In its report released September 13, the Forest Practices Board (FPB) cited several instances in which professional guidelines and standards for construction on steep terrain were not followed, resulting in unsafe segments of road.
“The Forest Practices Board report points to some troubling examples. As the regulatory bodies overseeing engineers, geoscientists, and forest professionals, we are committed to upholding high standards of professional practice,” said Ann English, P.Eng., CEO and Registrar for Engineers and Geoscientists BC. “We’ll be working together to gather more information in order to assure this work is undertaken with the appropriate professional oversight, and by individuals equipped with the necessary skills and competencies for this work.”
Engineers and Geoscientists BC and the Association of BC Forest Professionals are the independent regulators of professional engineering and geoscience, and professional forestry. The two associations have an existing Joint Practice Board composed of experienced professional engineers and forest professionals who work together to provide standards, guidance and other direction to professionals on forest crossings and forest bridges.
Over the past year, both associations have worked with the Forest Practices Board to provide their members with specialized professional development around construction of roads on steep slopes. In 2012, the associations also jointly released Guidelines for Professional Services in the Forest Sector – Forest Roads, which sets the standard of professional practice for the construction, maintenance and deactivations of forest roads. The guidelines were cited by the FPB in its report as the standard of practice to follow.

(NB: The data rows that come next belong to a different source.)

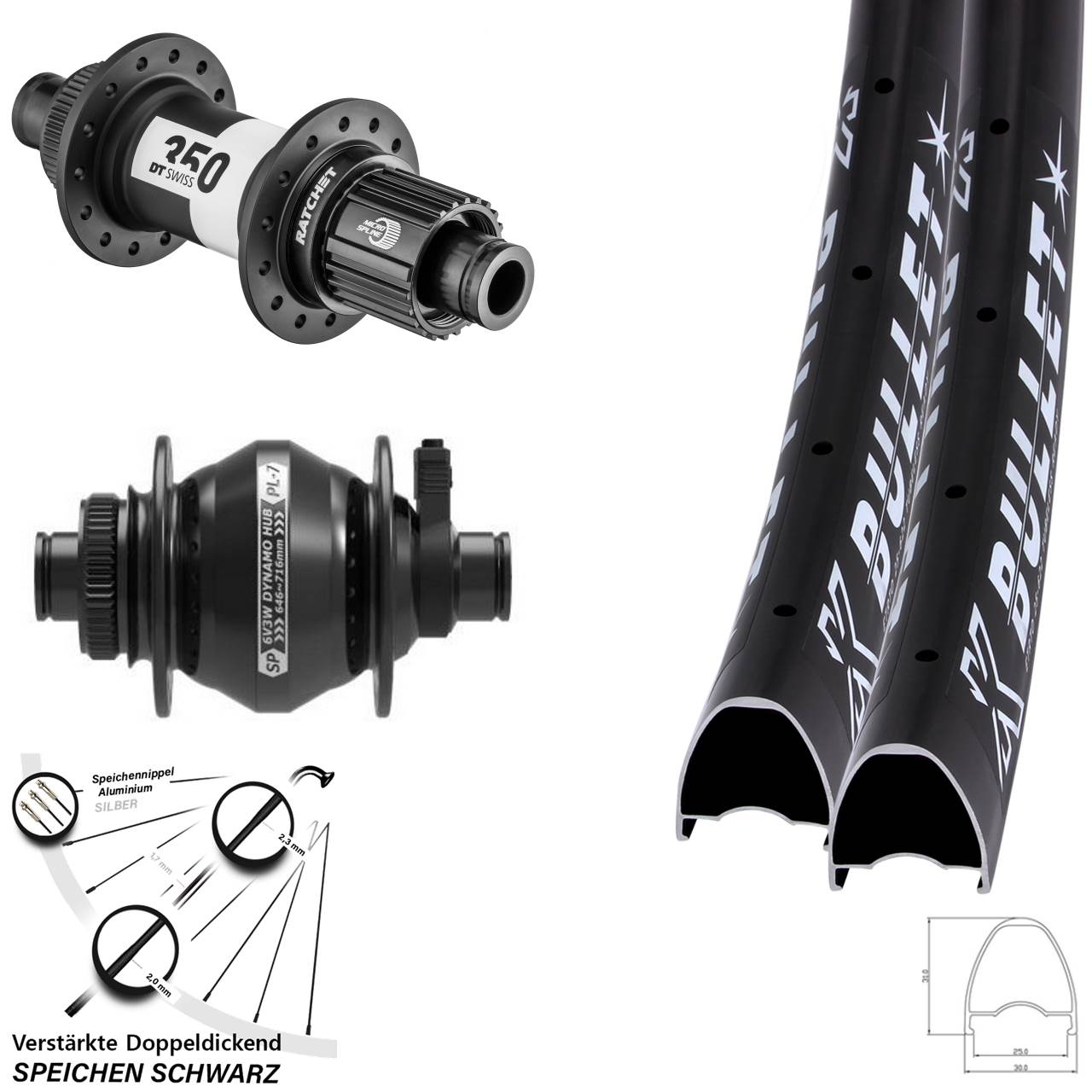 KX Bullet OS DT Swiss 350 Shutter PL-7 28 Zoll Disc Laufrad-Satz 12x100/142 Micro Spline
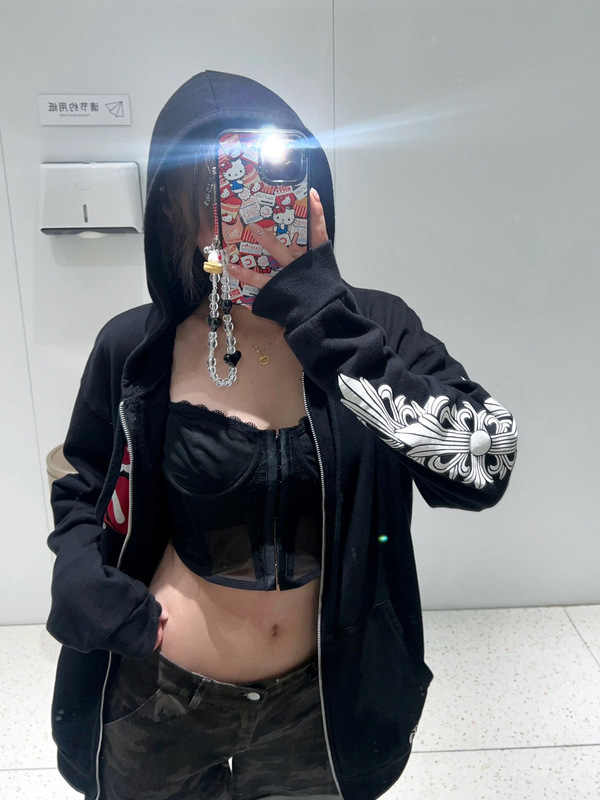 25ss正确版 新款梵文马蹄印花拉链连帽卫衣男女同款宽松休闲外套|undefined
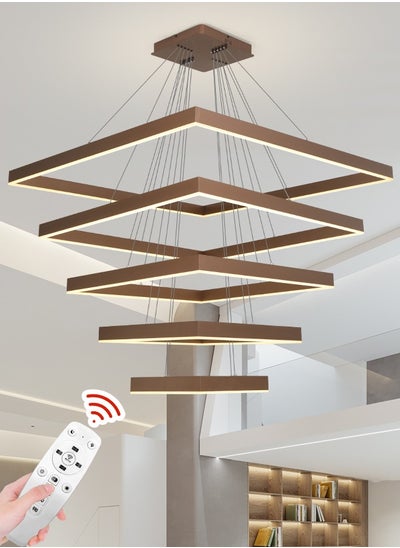 اشتري Modern LED Chandelier - 5 Ring Dimmable Light with Remote Control, 3-Dimmable Colors, Adjustable Height and Heat Dissipation - Perfect for Living Rooms, Bedrooms, and Staircases,288W في الامارات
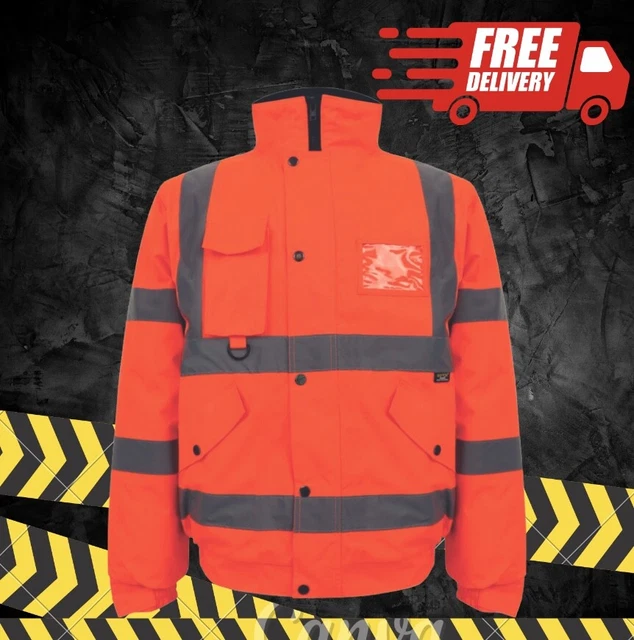 Hi Vis Viz High Visibility Bomber Jacket Waterproof Safety Work Security Coat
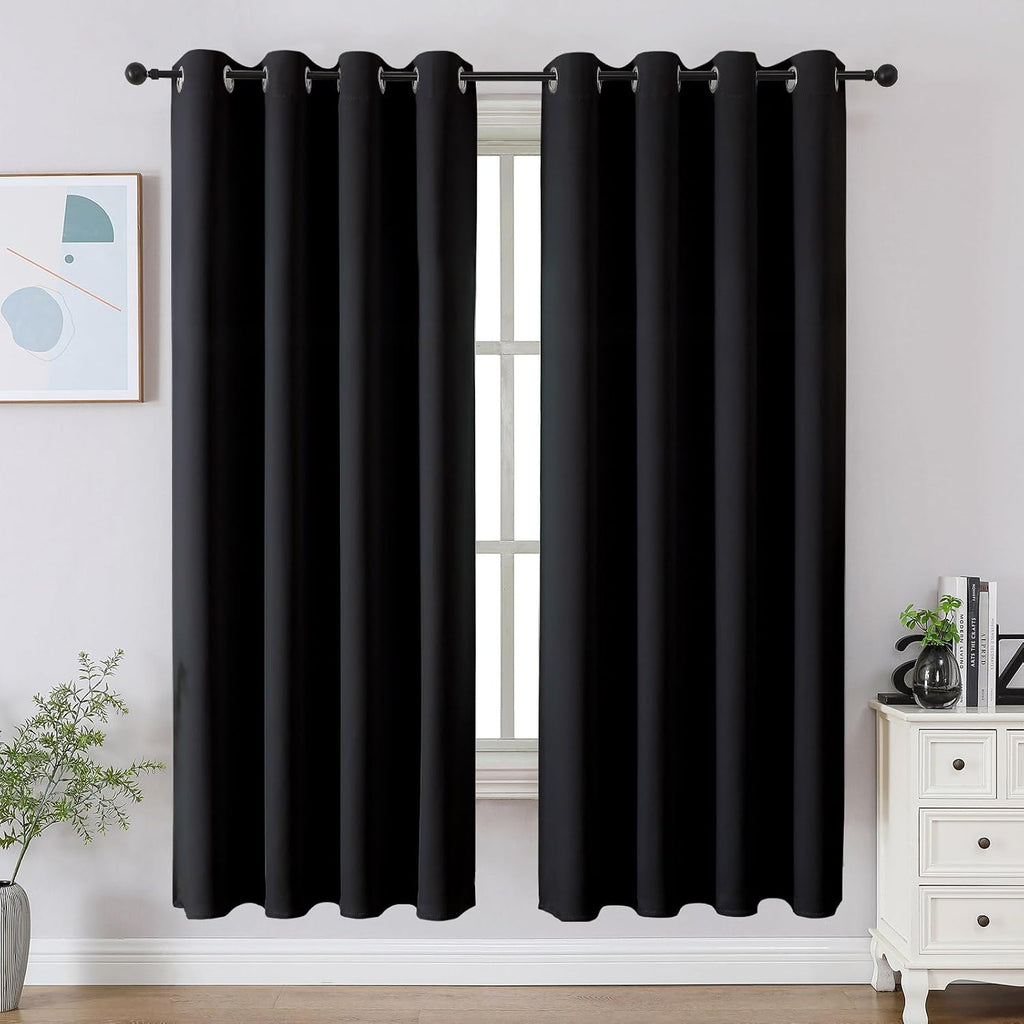 CUCRAF Black Blackout Curtains 63 inch Length 2 Panels Set, Room Darkening Drapes for Living Room Bedroom, Thermal Insulated Light…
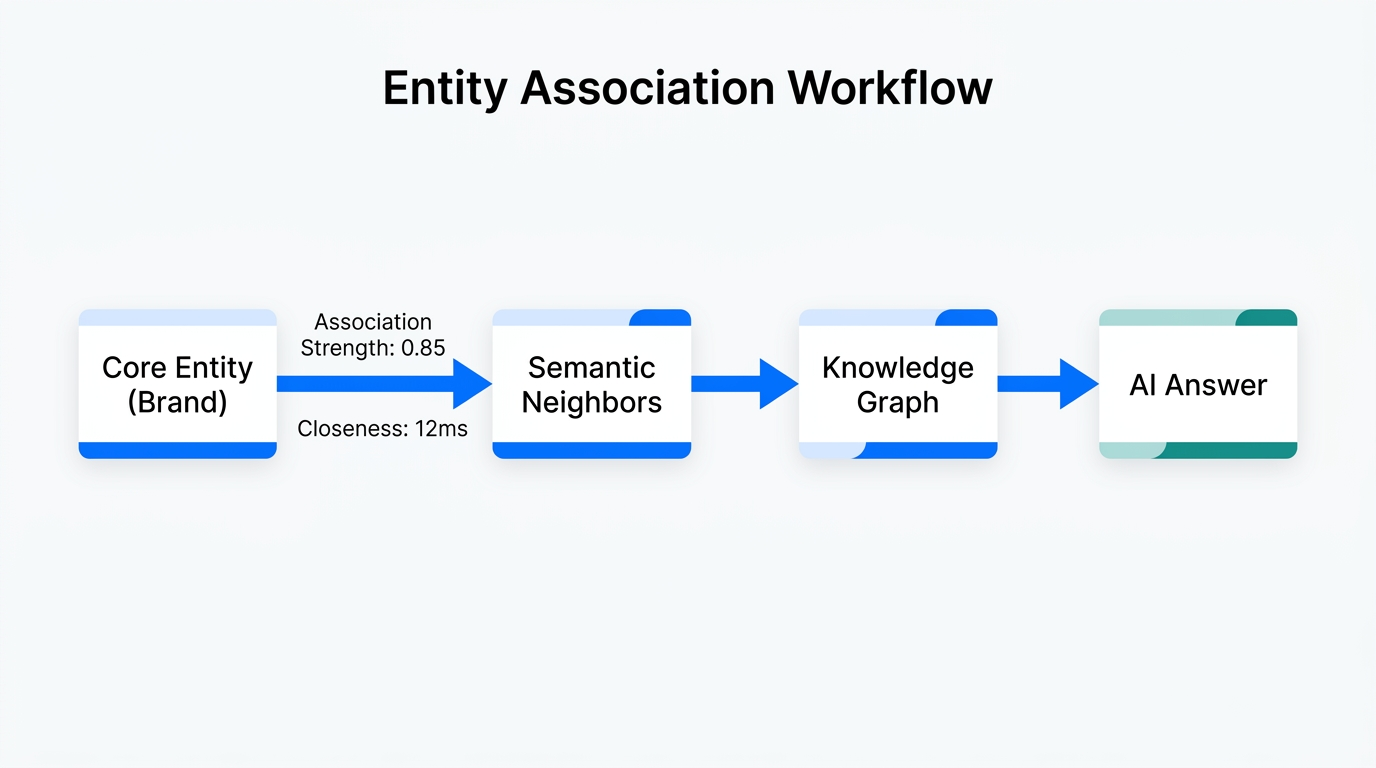 How AI engines map relationships between brands and semantic keywords.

“Forest road safety and environmental protection are essential for everyone working in the woods,” said Christine Gelowitz, RPF, ABCFP CEO. “Planning, constructing and managing roads on steep terrain is a complex area of professional practice involving multiple stakeholders. This report has brought some important issues to our attention. We welcome any information that can help us minimize risk and improve safety and environmental protection.”
Professional associations recognize that the public expects development projects in the natural environment be directed by regulated professionals to ensure projects are conducted safely, professionally, and sustainably. Where the use of a regulated professional is absent or insufficient, the professions may enforce legislation or undertake internal discipline procedures.
The Association of BC Forest Professionals and Engineers and Geoscientists BC will be responding to the FPB by the requested date of March 31, 2018 and advising them of the steps planned or taken to address the professional issues identified.